== What you have to do ==
The entries below are to be returned exactly. Include all of them.

Dataset Block Start

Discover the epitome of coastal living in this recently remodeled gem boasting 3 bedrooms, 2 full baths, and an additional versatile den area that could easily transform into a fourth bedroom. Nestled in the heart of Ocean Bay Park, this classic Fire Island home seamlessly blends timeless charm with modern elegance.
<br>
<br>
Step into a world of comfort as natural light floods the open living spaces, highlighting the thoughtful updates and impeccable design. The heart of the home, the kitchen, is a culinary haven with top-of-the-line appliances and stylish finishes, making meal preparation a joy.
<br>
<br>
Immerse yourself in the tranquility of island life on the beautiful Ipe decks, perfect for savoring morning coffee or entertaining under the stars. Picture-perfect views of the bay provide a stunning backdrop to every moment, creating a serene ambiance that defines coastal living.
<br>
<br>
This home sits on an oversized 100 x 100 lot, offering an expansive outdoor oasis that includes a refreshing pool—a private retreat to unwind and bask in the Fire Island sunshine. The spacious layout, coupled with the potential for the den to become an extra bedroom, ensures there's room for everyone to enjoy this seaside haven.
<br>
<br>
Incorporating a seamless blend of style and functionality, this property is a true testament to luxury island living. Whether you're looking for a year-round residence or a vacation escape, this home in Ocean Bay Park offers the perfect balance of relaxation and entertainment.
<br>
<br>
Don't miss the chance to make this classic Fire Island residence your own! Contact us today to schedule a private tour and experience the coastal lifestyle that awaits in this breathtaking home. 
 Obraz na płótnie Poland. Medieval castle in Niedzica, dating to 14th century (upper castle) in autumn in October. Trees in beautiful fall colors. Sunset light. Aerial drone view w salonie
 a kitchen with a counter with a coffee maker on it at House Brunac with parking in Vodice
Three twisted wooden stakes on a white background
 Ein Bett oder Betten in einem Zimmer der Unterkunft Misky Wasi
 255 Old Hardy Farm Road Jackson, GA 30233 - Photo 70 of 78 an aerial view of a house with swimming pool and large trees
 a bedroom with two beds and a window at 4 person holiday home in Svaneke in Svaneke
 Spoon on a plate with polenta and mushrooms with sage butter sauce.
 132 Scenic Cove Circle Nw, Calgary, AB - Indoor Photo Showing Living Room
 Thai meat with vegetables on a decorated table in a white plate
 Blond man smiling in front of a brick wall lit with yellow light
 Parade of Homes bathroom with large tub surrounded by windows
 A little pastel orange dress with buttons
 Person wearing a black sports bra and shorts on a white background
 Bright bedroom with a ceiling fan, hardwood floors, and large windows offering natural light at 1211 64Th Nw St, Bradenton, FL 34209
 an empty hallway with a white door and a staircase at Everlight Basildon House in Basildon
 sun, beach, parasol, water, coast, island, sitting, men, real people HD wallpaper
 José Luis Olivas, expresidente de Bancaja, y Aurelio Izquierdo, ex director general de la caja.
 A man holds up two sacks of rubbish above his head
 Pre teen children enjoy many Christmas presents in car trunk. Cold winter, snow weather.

Dataset Block End

== Output for this task ==
Discover the epitome of coastal living in this recently remodeled gem boasting 3 bedrooms, 2 full baths, and an additional versatile den area that could easily transform into a fourth bedroom. Nestled in the heart of Ocean Bay Park, this classic Fire Island home seamlessly blends timeless charm with modern elegance.
<br>
<br>
Step into a world of comfort as natural light floods the open living spaces, highlighting the thoughtful updates and impeccable design. The heart of the home, the kitchen, is a culinary haven with top-of-the-line appliances and stylish finishes, making meal preparation a joy.
<br>
<br>
Immerse yourself in the tranquility of island life on the beautiful Ipe decks, perfect for savoring morning coffee or entertaining under the stars. Picture-perfect views of the bay provide a stunning backdrop to every moment, creating a serene ambiance that defines coastal living.
<br>
<br>
This home sits on an oversized 100 x 100 lot, offering an expansive outdoor oasis that includes a refreshing pool—a private retreat to unwind and bask in the Fire Island sunshine. The spacious layout, coupled with the potential for the den to become an extra bedroom, ensures there's room for everyone to enjoy this seaside haven.
<br>
<br>
Incorporating a seamless blend of style and functionality, this property is a true testament to luxury island living. Whether you're looking for a year-round residence or a vacation escape, this home in Ocean Bay Park offers the perfect balance of relaxation and entertainment.
<br>
<br>
Don't miss the chance to make this classic Fire Island residence your own! Contact us today to schedule a private tour and experience the coastal lifestyle that awaits in this breathtaking home. 
 Obraz na płótnie Poland. Medieval castle in Niedzica, dating to 14th century (upper castle) in autumn in October. Trees in beautiful fall colors. Sunset light. Aerial drone view w salonie
 a kitchen with a counter with a coffee maker on it at House Brunac with parking in Vodice
Three twisted wooden stakes on a white background
 Ein Bett oder Betten in einem Zimmer der Unterkunft Misky Wasi
 255 Old Hardy Farm Road Jackson, GA 30233 - Photo 70 of 78 an aerial view of a house with swimming pool and large trees
 a bedroom with two beds and a window at 4 person holiday home in Svaneke in Svaneke
 Spoon on a plate with polenta and mushrooms with sage butter sauce.
 132 Scenic Cove Circle Nw, Calgary, AB - Indoor Photo Showing Living Room
 Thai meat with vegetables on a decorated table in a white plate
 Blond man smiling in front of a brick wall lit with yellow light
 Parade of Homes bathroom with large tub surrounded by windows
 A little pastel orange dress with buttons
 Person wearing a black sports bra and shorts on a white background
 Bright bedroom with a ceiling fan, hardwood floors, and large windows offering natural light at 1211 64Th Nw St, Bradenton, FL 34209
 an empty hallway with a white door and a staircase at Everlight Basildon House in Basildon
 sun, beach, parasol, water, coast, island, sitting, men, real people HD wallpaper
 José Luis Olivas, expresidente de Bancaja, y Aurelio Izquierdo, ex director general de la caja.
 A man holds up two sacks of rubbish above his head
 Pre teen children enjoy many Christmas presents in car trunk. Cold winter, snow weather.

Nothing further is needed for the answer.